Hidayat menilai hal itu masalah mendasar karena iman kepada kitab-kitab Allah termasuk Al-Quran adalah bagian dari rukun Iman. Bila dinyatakan bahwa Al-Quran bukan kalam Allah tapi kalam Nabi yang juga makhluk, maka itu menurunkan tingkatan Al-Quran, dan menyamakannya dengan kreasi makhluk yang lain. Itu sudah keluar dari akidah ahlussunnah wal jamaah yang berlaku di pesantren-pesantren mu’tabar di Indonesia.
Tak hanya itu, Panji Gumilang juga dikabarkan menyuarakan bahwa ibadah haji, salah satu rukun Islam, tidak harus dilakukan ke Makkah. Sebab ibadah haji bisa dilakukan di Indonesia. Panji menilai karena Indonesia juga tanah suci.
Pandangan tersebut dinilai tidak benar dan menyimpang dari ajaran Rasulullah, ulama-ulama Islam, serta kitab-kitab mu’tabar (standar) yang diajarkan di semua pesantren di Indonesia. Karena itu, Hidayat bersimpati pada para santri bila terkait dengan rukun iman dan rukun Islam saja diajarkan hal-hal yang tidak sesuai dengan prinsip ajaran agama Islam yang berlaku.
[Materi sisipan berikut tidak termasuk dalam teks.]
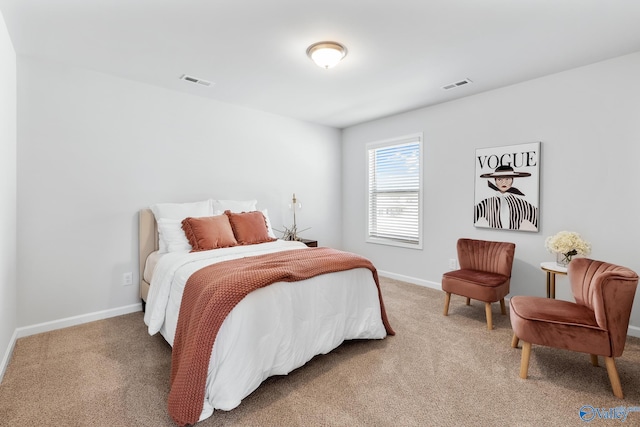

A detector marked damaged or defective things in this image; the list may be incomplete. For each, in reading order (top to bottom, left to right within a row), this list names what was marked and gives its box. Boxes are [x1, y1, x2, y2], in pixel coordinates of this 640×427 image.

rust throw pillow [181, 216, 239, 252]
rust throw pillow [225, 210, 276, 244]
rust throw blanket [168, 247, 392, 424]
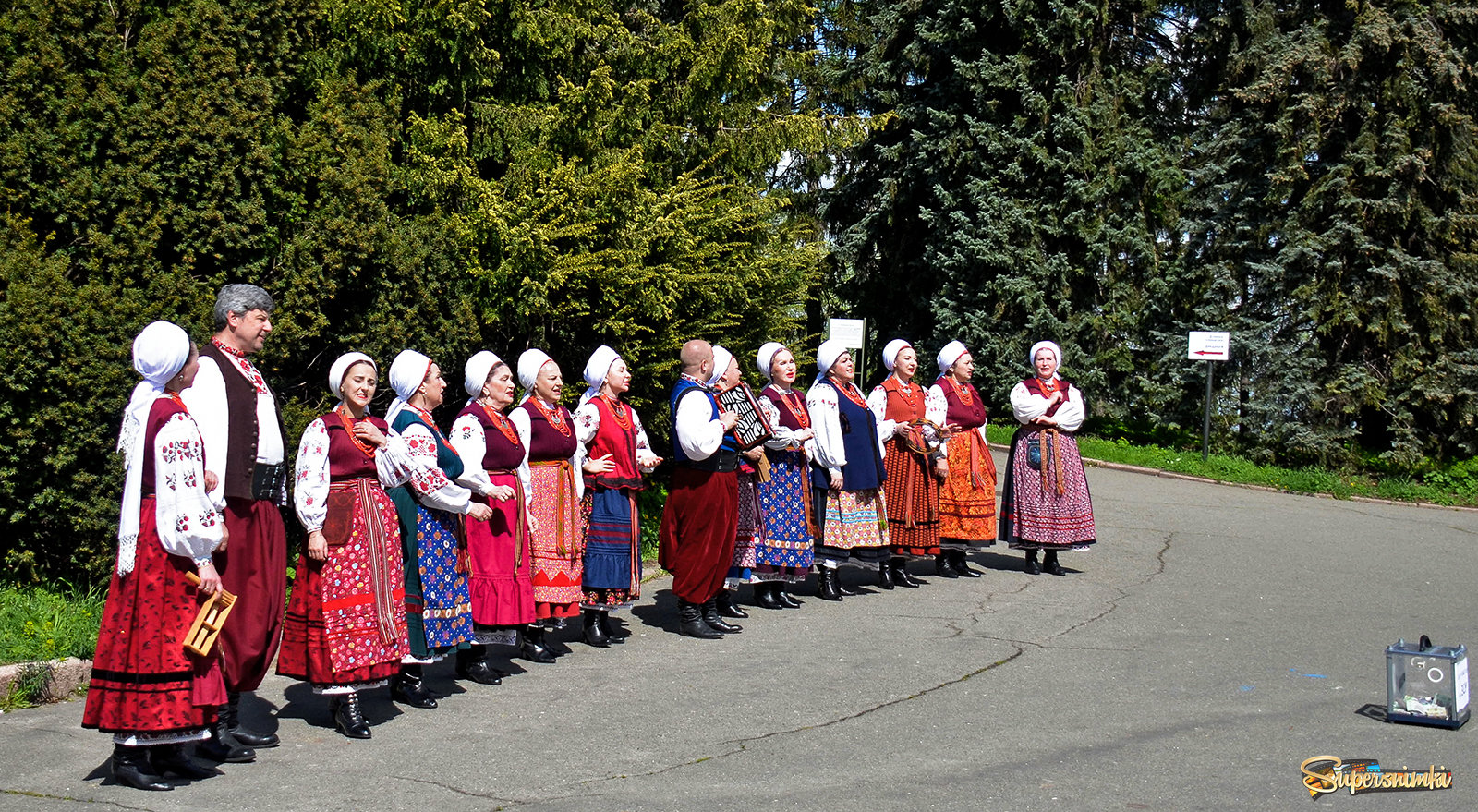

Belum usai, berbagai kontroversi bermasalah dari ajaran Panji Gumilang juga dapat dilihat dengan melaksanakan salat Idul Fitri secara bercampur pria dan wanita di shaf pertama yang juga dihadiri nonmuslim. Kemudian salat dibuat berjarak dengan alasan bau badan, cara melantunkan azan, pendapatnya soal masjid, salam dengan bahasa Ibrani (Yahudi) serta pernyataannya soal ‘Madzhab Soekarno’.
“Semakin lama Panji Gumilang malah makin berani mendemonstrasikan sikap dan tindakan beliau yang tidak sesuai dengan arus utama pesantren dan sikap beragama umat Islam di Indonesia umumnya. Panji Gumilang tidak mengambil ibrah (pelajaran) bahwa selama ini tidak ditindak oleh hukum atas berbagai kontroversi yang terjadi sebelumnya. Padahal Panji Gumilang sebagaimana diakuinya sendiri, pernah dikurung ditahan selama 10 bulan dipenjara, itu pada tahun 2015 karena kasus ‘pemalsuan’ dokumen Yayasan Pendidikan Islam (YPI),” ungkap Hidayat.
“Kalau tidak ada koreksi seperti ada pembenaran atas berbagai penyimpangan ajarannya,” imbuhnya.
Atas hal itu, HNW mendukung langkah kepolisian, Kemenag, MUI (Kabupaten Indramayu, Provinsi Jawa Barat dan MUI Pusat), juga Pemprov dan Gubernur Jawa Barat untuk menangani kasus Panji Gumilang dengan serius. Termasuk mengambil tindakan hukum yang tegas sesuai prinsip Indonesia sebagai negara hukum.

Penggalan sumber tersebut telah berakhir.